**Task prompt**: Produce word for word the lines of the data below running from the one that has "Customizable Q75 Manual" to the one that has "Naissance de Jésus", inclusive, and no others.

====================

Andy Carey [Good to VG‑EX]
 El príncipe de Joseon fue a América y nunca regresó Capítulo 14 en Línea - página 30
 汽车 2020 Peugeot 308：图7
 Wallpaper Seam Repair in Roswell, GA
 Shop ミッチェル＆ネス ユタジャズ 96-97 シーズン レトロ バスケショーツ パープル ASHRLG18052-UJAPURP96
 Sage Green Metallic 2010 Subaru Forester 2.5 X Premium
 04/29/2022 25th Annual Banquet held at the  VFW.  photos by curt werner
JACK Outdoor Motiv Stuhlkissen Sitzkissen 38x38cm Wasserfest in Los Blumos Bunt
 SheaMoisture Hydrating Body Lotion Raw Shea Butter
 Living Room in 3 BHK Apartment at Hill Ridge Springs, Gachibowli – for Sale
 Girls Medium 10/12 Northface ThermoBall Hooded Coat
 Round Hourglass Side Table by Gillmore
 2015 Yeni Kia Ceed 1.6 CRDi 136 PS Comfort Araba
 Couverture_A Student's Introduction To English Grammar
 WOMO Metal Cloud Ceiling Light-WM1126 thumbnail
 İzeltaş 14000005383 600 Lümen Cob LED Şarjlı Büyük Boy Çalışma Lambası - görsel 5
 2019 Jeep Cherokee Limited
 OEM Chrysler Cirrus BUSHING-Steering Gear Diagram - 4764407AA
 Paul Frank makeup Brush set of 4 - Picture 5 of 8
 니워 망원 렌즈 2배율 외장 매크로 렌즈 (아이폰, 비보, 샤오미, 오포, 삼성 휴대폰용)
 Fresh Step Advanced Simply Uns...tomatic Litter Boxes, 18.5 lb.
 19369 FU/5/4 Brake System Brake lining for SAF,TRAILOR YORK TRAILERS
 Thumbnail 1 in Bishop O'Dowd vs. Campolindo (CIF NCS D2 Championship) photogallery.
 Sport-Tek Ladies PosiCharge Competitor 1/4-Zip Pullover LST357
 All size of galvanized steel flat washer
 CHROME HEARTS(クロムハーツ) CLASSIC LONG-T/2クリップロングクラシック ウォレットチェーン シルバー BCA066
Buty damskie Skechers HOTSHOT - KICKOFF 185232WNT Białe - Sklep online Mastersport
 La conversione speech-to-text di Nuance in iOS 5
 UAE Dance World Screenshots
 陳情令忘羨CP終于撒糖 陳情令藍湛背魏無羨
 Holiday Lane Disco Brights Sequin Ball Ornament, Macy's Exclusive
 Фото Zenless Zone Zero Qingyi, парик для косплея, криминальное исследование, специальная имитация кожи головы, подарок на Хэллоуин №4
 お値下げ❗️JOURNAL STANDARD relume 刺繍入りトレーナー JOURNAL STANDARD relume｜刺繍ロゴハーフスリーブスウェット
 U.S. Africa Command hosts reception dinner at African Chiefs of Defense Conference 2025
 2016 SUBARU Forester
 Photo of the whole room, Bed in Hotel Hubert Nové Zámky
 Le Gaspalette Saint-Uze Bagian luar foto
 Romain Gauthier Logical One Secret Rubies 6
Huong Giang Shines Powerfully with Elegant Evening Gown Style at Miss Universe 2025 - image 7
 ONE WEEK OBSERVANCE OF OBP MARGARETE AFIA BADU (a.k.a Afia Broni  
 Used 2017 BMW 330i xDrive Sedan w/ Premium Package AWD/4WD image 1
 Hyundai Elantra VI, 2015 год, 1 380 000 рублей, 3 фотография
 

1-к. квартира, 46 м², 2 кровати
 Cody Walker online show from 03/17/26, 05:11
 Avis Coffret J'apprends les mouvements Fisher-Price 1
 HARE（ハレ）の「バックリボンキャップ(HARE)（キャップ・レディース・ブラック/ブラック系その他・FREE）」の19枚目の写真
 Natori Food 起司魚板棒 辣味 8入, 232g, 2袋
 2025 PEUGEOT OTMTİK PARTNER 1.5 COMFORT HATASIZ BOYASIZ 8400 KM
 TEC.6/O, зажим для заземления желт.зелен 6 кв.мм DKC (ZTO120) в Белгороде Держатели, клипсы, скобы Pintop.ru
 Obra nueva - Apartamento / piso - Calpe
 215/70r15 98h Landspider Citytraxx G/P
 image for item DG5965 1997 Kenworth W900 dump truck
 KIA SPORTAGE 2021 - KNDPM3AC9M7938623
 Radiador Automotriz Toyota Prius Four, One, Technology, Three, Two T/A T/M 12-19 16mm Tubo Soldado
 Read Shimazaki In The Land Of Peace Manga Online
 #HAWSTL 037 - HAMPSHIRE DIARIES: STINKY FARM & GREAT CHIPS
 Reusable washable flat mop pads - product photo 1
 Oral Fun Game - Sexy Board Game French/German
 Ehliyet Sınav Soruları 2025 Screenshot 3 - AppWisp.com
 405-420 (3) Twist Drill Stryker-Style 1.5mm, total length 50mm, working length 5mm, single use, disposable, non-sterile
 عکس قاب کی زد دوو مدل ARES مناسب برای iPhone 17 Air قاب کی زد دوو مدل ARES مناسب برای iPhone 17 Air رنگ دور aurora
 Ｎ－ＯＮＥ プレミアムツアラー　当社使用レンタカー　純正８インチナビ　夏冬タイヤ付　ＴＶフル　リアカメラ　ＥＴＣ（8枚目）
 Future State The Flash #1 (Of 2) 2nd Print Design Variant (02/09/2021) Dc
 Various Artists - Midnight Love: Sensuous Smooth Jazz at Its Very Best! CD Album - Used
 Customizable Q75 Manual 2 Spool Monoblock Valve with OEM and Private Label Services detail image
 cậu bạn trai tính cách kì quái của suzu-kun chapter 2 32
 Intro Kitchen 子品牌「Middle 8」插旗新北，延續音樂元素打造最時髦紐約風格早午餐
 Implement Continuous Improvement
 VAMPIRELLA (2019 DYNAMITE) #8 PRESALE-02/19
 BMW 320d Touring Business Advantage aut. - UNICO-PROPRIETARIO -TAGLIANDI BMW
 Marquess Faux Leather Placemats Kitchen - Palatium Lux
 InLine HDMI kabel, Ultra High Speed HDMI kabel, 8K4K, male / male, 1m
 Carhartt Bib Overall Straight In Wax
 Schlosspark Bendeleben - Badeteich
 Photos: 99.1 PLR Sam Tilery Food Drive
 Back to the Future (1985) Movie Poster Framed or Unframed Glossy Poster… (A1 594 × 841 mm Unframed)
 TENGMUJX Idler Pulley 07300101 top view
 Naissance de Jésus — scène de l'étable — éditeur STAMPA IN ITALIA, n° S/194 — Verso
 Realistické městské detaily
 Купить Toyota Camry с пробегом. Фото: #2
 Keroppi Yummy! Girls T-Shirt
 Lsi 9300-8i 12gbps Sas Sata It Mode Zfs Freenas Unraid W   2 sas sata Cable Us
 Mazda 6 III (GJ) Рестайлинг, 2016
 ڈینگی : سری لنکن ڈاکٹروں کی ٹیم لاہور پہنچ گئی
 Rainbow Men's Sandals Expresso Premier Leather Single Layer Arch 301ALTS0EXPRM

====================

**Task response**:
 Customizable Q75 Manual 2 Spool Monoblock Valve with OEM and Private Label Services detail image
 cậu bạn trai tính cách kì quái của suzu-kun chapter 2 32
 Intro Kitchen 子品牌「Middle 8」插旗新北，延續音樂元素打造最時髦紐約風格早午餐
 Implement Continuous Improvement
 VAMPIRELLA (2019 DYNAMITE) #8 PRESALE-02/19
 BMW 320d Touring Business Advantage aut. - UNICO-PROPRIETARIO -TAGLIANDI BMW
 Marquess Faux Leather Placemats Kitchen - Palatium Lux
 InLine HDMI kabel, Ultra High Speed HDMI kabel, 8K4K, male / male, 1m
 Carhartt Bib Overall Straight In Wax
 Schlosspark Bendeleben - Badeteich
 Photos: 99.1 PLR Sam Tilery Food Drive
 Back to the Future (1985) Movie Poster Framed or Unframed Glossy Poster… (A1 594 × 841 mm Unframed)
 TENGMUJX Idler Pulley 07300101 top view
 Naissance de Jésus — scène de l'étable — éditeur STAMPA IN ITALIA, n° S/194 — Verso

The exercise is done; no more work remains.